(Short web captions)
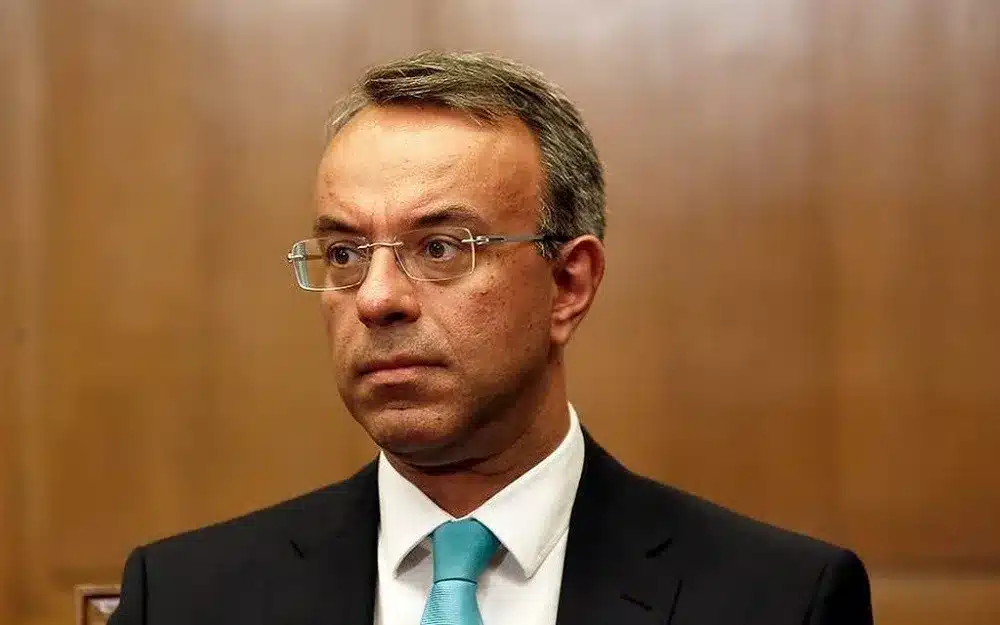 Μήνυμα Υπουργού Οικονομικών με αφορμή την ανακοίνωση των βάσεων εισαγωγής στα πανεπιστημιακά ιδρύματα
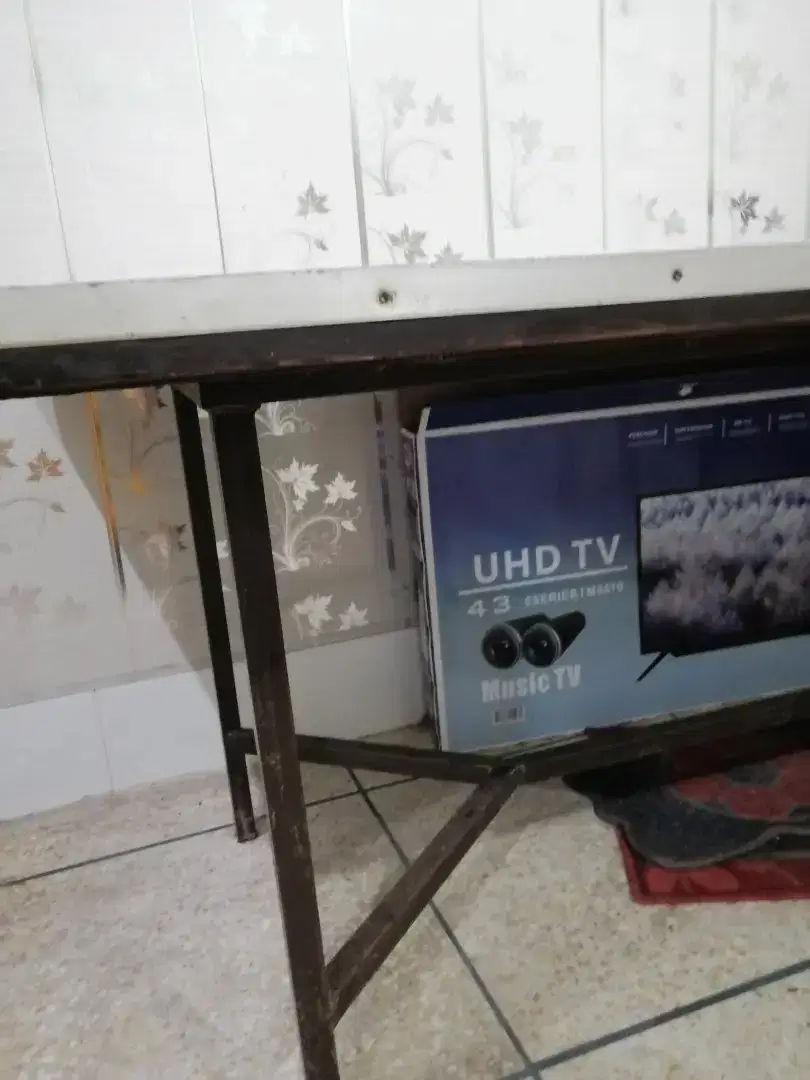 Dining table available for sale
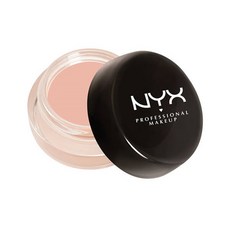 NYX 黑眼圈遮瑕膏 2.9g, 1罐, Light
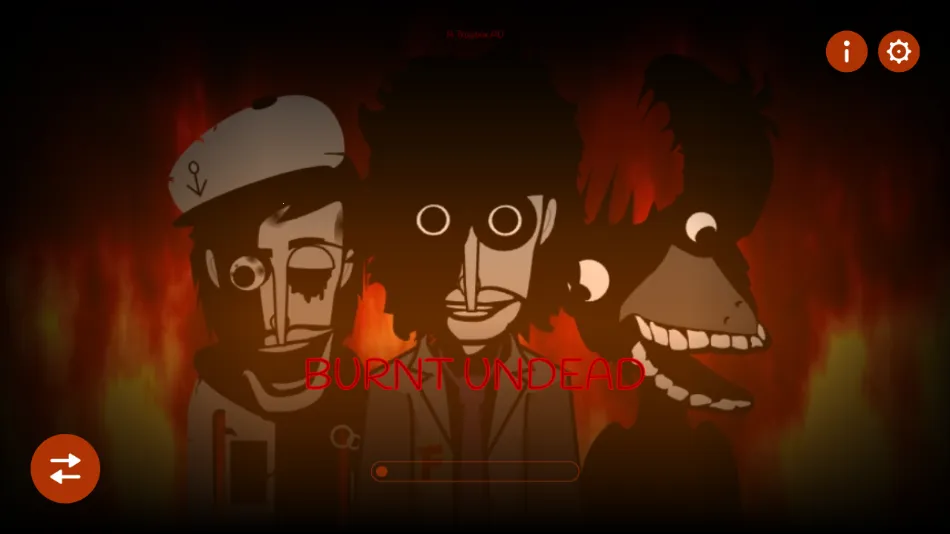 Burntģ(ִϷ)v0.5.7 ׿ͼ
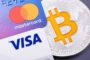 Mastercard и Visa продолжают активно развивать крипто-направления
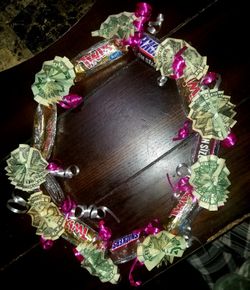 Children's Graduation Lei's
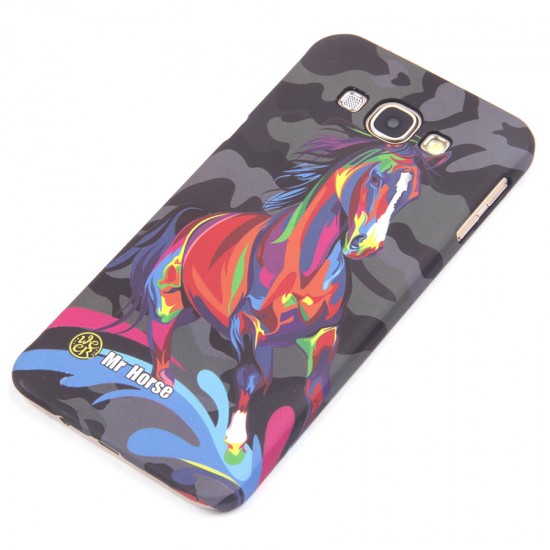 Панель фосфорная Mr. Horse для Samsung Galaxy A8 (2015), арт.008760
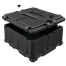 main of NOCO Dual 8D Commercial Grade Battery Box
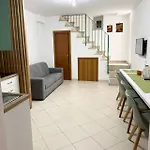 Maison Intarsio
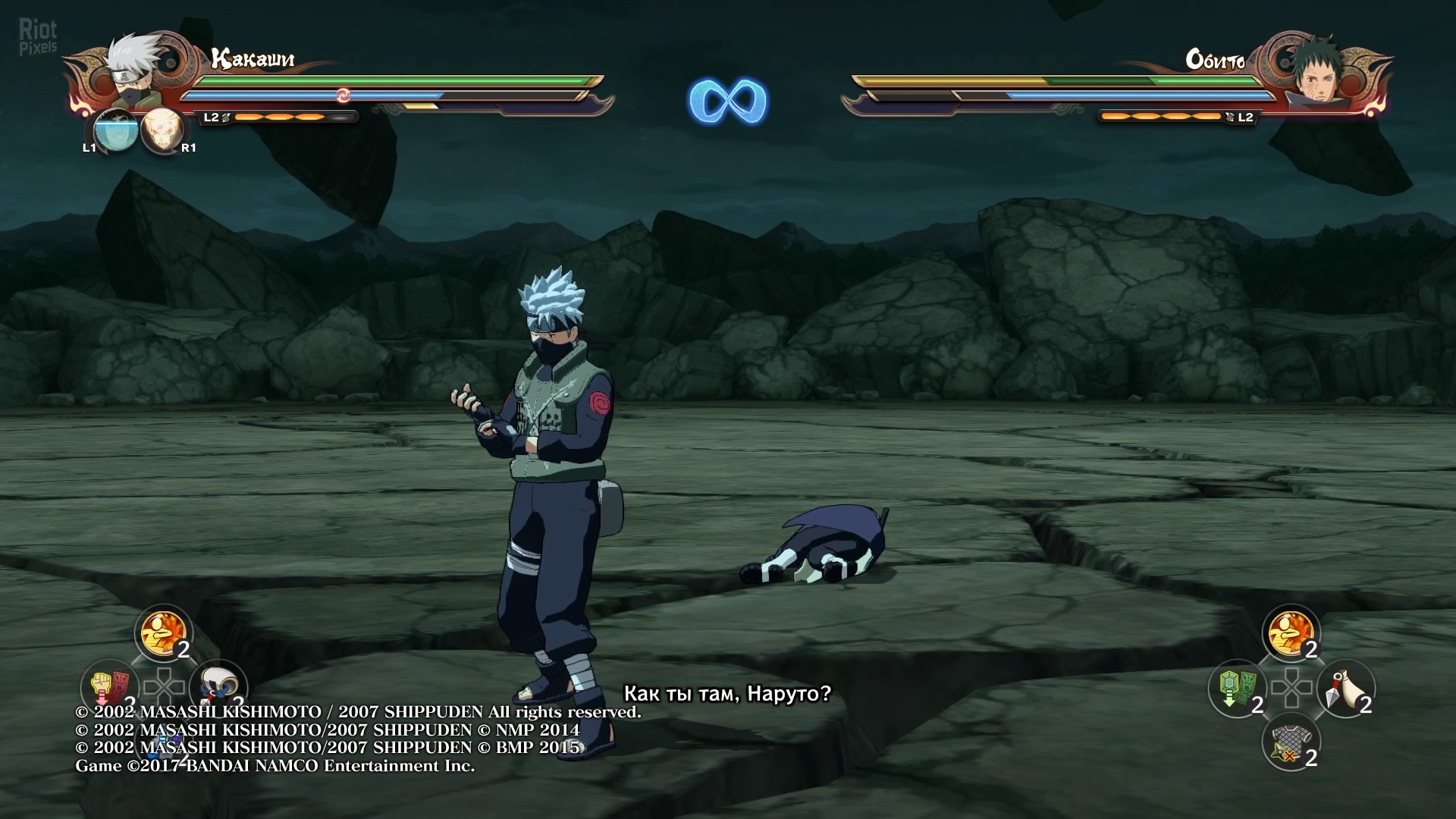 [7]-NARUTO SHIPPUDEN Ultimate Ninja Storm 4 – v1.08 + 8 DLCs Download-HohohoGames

* WHAT NEEDS TO BE DONE
The entries are to be written out again exactly, though without any images.

* REPLY TO THE TASK
 Μήνυμα Υπουργού Οικονομικών με αφορμή την ανακοίνωση των βάσεων εισαγωγής στα πανεπιστημιακά ιδρύματα
 Dining table available for sale
 NYX 黑眼圈遮瑕膏 2.9g, 1罐, Light
 Burntģ(ִϷ)v0.5.7 ׿ͼ
 Mastercard и Visa продолжают активно развивать крипто-направления
 Children's Graduation Lei's
 Панель фосфорная Mr. Horse для Samsung Galaxy A8 (2015), арт.008760
 main of NOCO Dual 8D Commercial Grade Battery Box
 Maison Intarsio
 [7]-NARUTO SHIPPUDEN Ultimate Ninja Storm 4 – v1.08 + 8 DLCs Download-HohohoGames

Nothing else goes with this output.